Study selection. This figure illustrates how studies were identified and included in our review. ADE, adverse drug event.

Study characteristics

The studies were published between 1988 and 2009, the majority of them in recent years. The median sample size was 3889 observations (25th to 75th percentile range, 430–38 467). Forty-one (85.4%) studies were conducted on hospitalized patients, three (6.3%) on outpatients and four (8.3%) on both. Of the in-patient studies, 15 (31.6%) were conducted in specialized patient services (table 1).

View this table:
Table 1

Study characteristics

Twenty-seven (56.3%) studies were prospective, while 14 (29.2%) were retrospective, four (8.3%) were retrospective case–controls, two (4.2%) had both prospective and retrospective components, and one (2.1%) was a prospective case series. Twenty-eight (58.3%) studies derived and/or evaluated electronic ADE detection rules, while 11 (22.9%) studies reported ADE incidence, four (8.3%) studies described the detection technology and methodology, three (6.3%) studies were interventions involving electronic ADE detection, and two (5%) other studies included a cost analysis and a risk association study.

Rule characteristics

Twenty-nine (60.4%) studies utilized two or more information system sources for their ADE detection rules, while 19 (39.6%) studies utilized only single information systems (seven used laboratory data, six used pharmacy data, and six used administrative data) (table 2). The detection rules in 28 (58.3%) studies were based on a single criterion and the rules in the other 19 (39.6%) studies used combined criteria from multiple information systems. One study used rules with a single criterion as well as rules with multiple criteria.34 The rule criteria in the majority of studies using multiple databases was combinations of drug, serum drug, and laboratory data to detect ADEs. Eighteen (37.5%) studies4 ,10 ,11 ,21 ,25 ,27 ,28 ,31 ,32 ,35 ,3740 ,45 ,4850 ,54 ,56 used antidotes, alone or in combination with other criteria, while 10 (20.8%) studies1012 ,1618 ,28 ,31 ,32 ,34 ,44 ,55 used International Classification of Diseases Ninth Revision (ICD-9) or ICD-10 codes, alone or in combination with other criteria, to detect ADEs.

View this table:
Table 2

Characteristics of reviewed studies

Only eight (16.7%) studies used detection rules to detect specific ADE types. Three (6.3%) studies30 ,33 ,58 targeted specific drugs that caused ADEs, while four (8.3%) studies14 ,43 ,44 ,51 targeted certain conditions. One (2.1%) study,46 which chose rules based on the most common ADEs, targeted a combination of condition specific and drug specific ADEs. Studies that did not detect specific types used rules designed to capture the presence of any ADE. Twenty studies (41%) evaluated rules which were used retrospectively to identify ADEs, while 28 studies (58%) evaluated rules which were used to alert physicians to the presence of an ADE.

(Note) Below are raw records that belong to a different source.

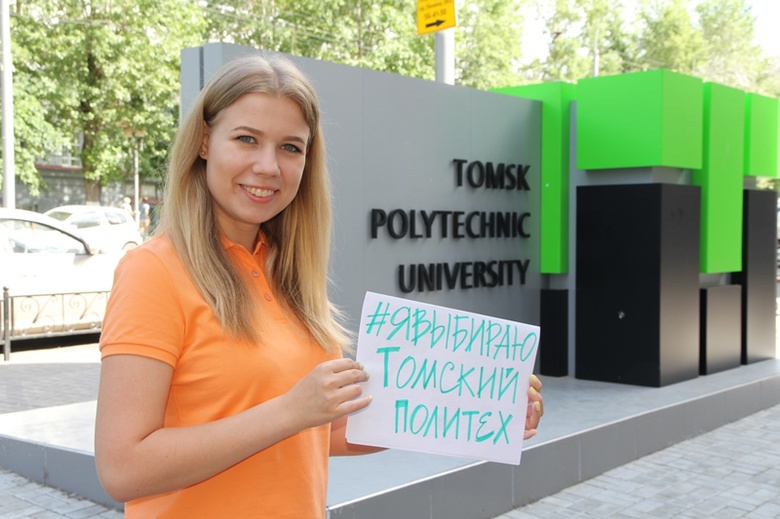 Абитуриенты могут выиграть абонемент в бассейн в фотоконкурсе ТПУ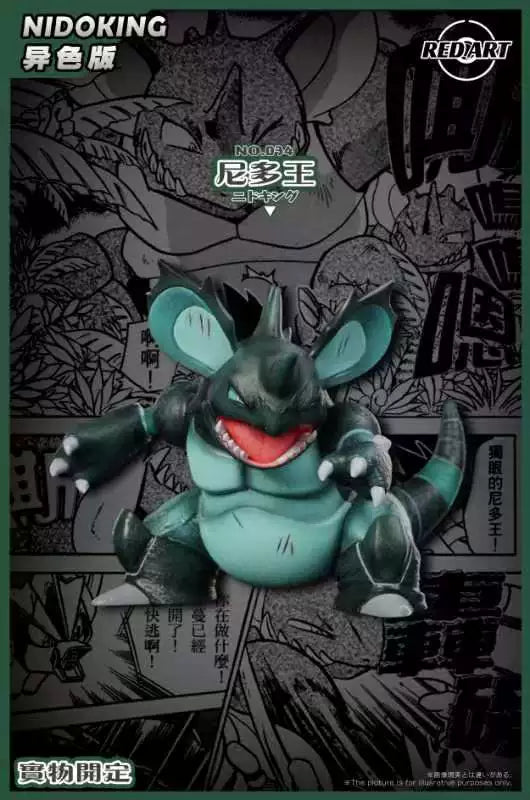 Pokémon Special Arc Nidoking 1/12 GK Statue - RED ART Studio [Pre-Order]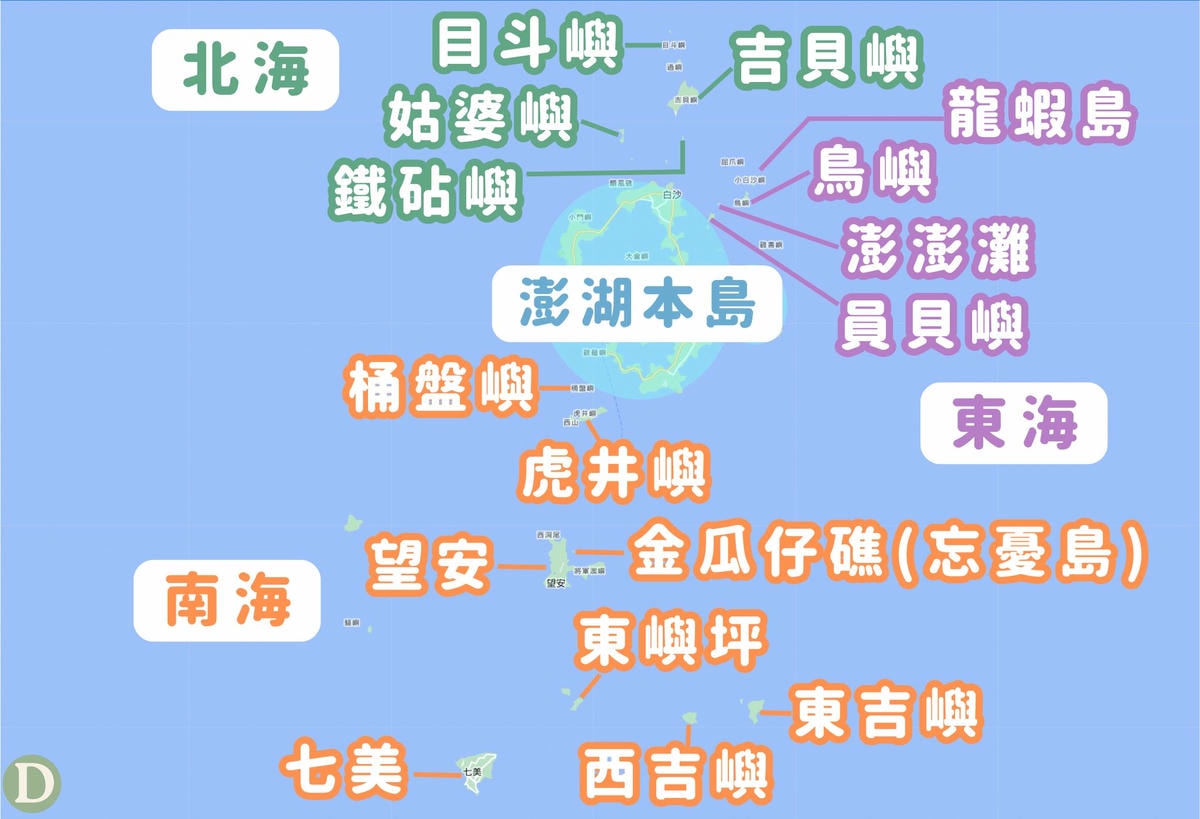 澎湖跳島地圖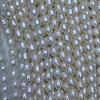 1String, White Natural Freshwater Pearls, Handmade Rice Shape Pearl Beads, 7.5-8.5mm, for DIY Necklace, Jewelry Making Crafts, Length 36 Cm
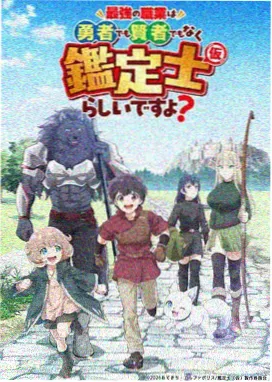 大气烧蚀纪录片画面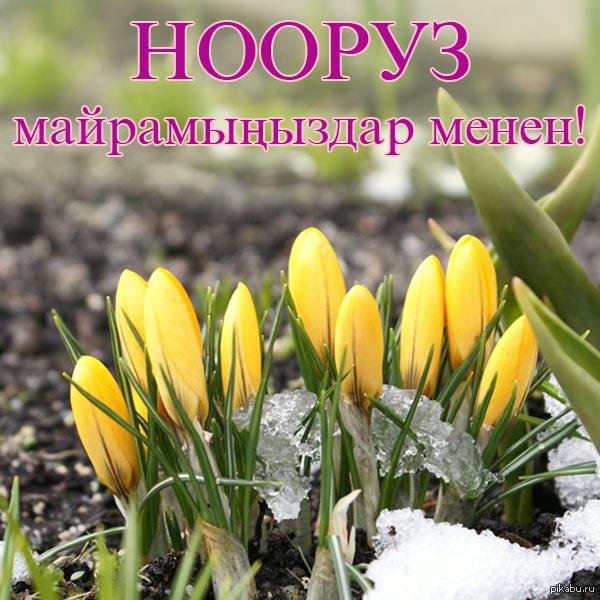 нооруз майрам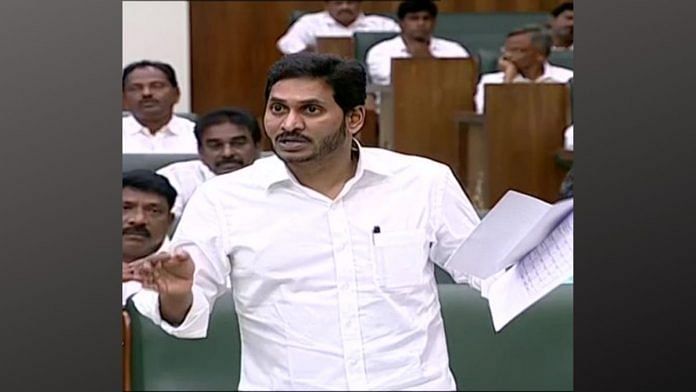 news on jagan mohan reddy govt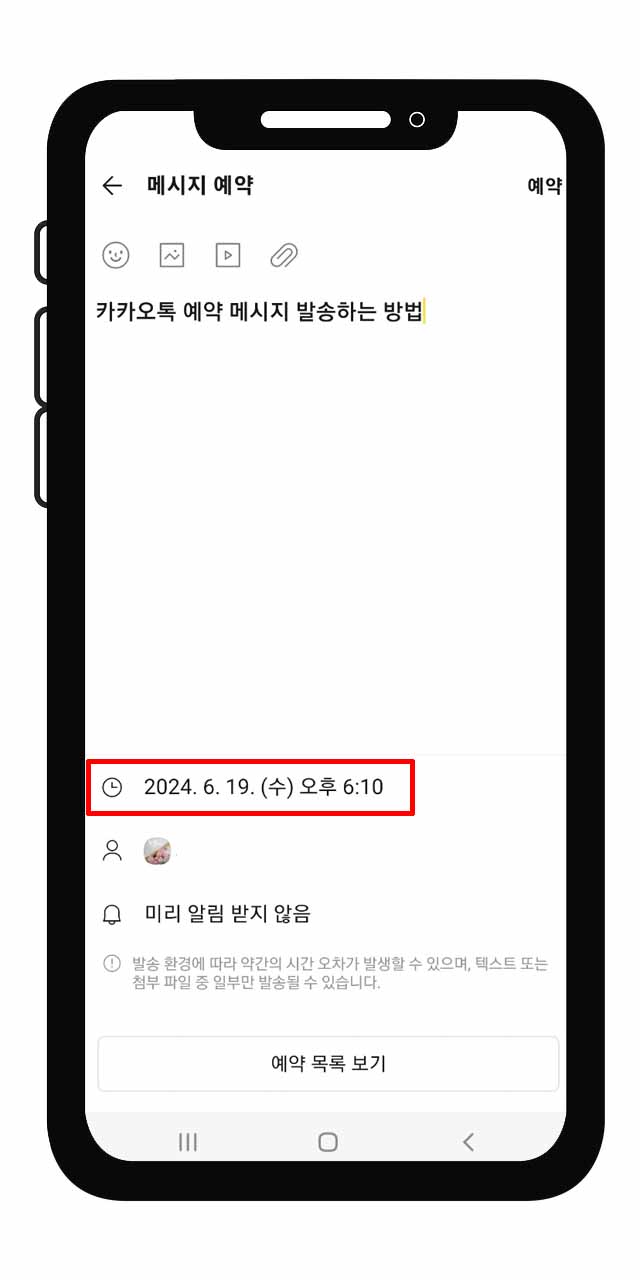 카카오톡 예약 메시지 보내는 방법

Studies that assessed the accuracy of detection rules

Half of the studies (50%) reported some measure of accuracy. Fourteen (29.2%) of these studies used a ‘gold standard,’ while the remaining 10 (20.8%) studies calculated accuracy using the results of ADE verification. Verification, which usually included pharmacist/physician review, was part of the process of determining whether an ADE trigger was truly an ADE and thus was not a ‘gold standard.’ Since the absolute number of ADEs was unknown, these studies could only calculate the positive predictive value as a measure of rule accuracy (table 3).

View this table:
Table 3

Detailed description of 24 studies that assessed rule accuracy

Of the gold standard studies, nine (18.8%) used chart review in every study patient independent of the results of electronic detection. Two (4.2%) studies used chart review in the rule positive patients only, so, as in the studies using verification, only PPV could be calculated. However, one of these studies also reported sensitivity and specificity by using estimates of visits with or without ADEs.11 ,31

Three (6.3%) studies used methods other than chart review alone. Two (4.2%) of these studies compared the number of ADEs detected electronically to the total number of ADEs found with two methods (electronic detection plus surveillance53 or electronic detection plus stimulated spontaneous reporting).22 Another study measured true and false positive results based on whether the attending physician wrote orders consistent with the alert recommendation.46

Accuracy results for detection rules are shown in table 3. Overall detection rule accuracy was variable across studies and sometimes was generally quite low. Ranges for sensitivity, specificity, and positive predictive value were 40%–94%, 1.4%–89%, and 0.9%–64%, respectively. Only two studies presented negative predictive values. The list of individual rules and individual rule accuracy, where available, are found in online supplementary appendix 2.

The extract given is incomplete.